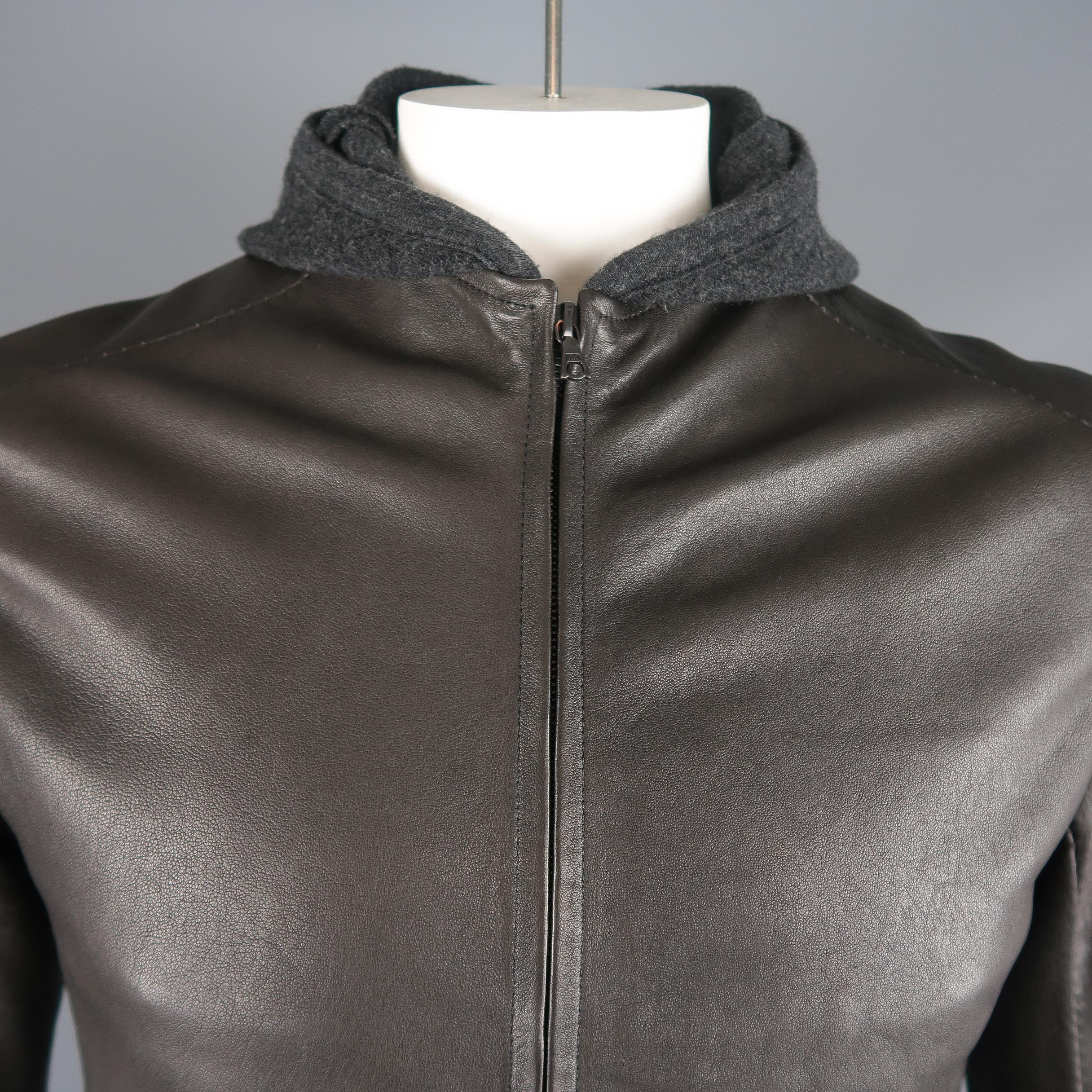 Isaac Sellam jacket comes in dark gray lambskin leather with a zip up front, slit pockets, and extended wool knit liner and hood. Made in France.
 
Excellent Pre-Owned Condition.
Marked: L
 
Measurements:
 
Shoulder: 19 in.
Chest: 44 in.
Sleeve:  27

______________________________

* **TASK STATEMENT**
Give the data above again, exactly and completely. No pictures go in.

* **EXPECTED OUTPUT**
 Isaac Sellam jacket comes in dark gray lambskin leather with a zip up front, slit pockets, and extended wool knit liner and hood. Made in France.
 
Excellent Pre-Owned Condition.
Marked: L
 
Measurements:
 
Shoulder: 19 in.
Chest: 44 in.
Sleeve:  27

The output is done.